You don’t like hard edges, you like round forms.
This too.
Your work makes me think of music.
It’s nice to hear from the air some lovely music. It’s still in the air [indicating the ‘shape’she just traced] I can show it to you in the air. [she does it again] It has a lid on it.
Do you still think of new things you want to make?
I can’t stop thinking of making things. What would I do?
Get bored I suppose.
Yes. I can’t just listen to the air. You have to do something positive.
You lived in Russia and Germany in the 1930s. These were very stimulating places at the time, but they were also dangerous places.
Yes, dangerous.
What was it like in Russia then?
At some point there was starvation, very hungry. As a foreigner I was never hungry, but around me. It was a sad place.
This was when Stalin put you into prison.
It’s never nice in prison.
Sixteen months you were there … do you talk about that time?
If you ask me.
What can you tell us about that experience?
I was very much living in my thoughts. I had to fill my time with programmatic thoughts. I was thinking ‘How would I construct a good bra?’ I walked up and down in my cell from corner to corner. I had a little bench and a table which folded up. I was alone for a long time. I think I was allowed to walk in the prison courtyard for 7 minutes.
How did prison change you?
I don’t think it particularly changed me.
Did you ever expect to have this kind of success?
I was a normal young lady from Budapest.
Lots of the paintings in your apartment are religious paintings. Are you religious?

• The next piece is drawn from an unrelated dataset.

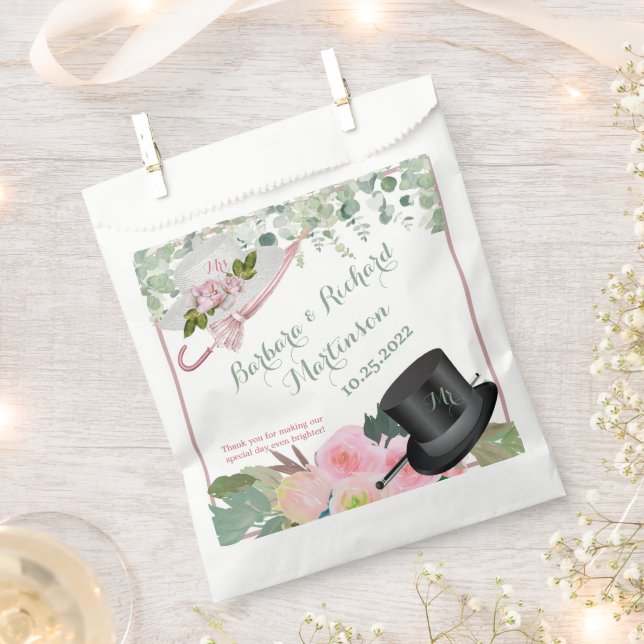 Blush Pink Romantische Blumenhochzeit Geschenktütchen (Ausgeschnitten)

Not really. But when you are very close to death, you are always religious. [smiles]
What are the consolations of growing old?
The present, because there’s hardly any future left. [turns to her assistant] How old am I?
[her assistant tells her she is 101 years old] … at 101 you don’t have much to look forward to, you look back.
What sort of treats do you like?
[Her assistant says ‘You like eating lots of chocolate.’] What a thing to tell them! She made this up.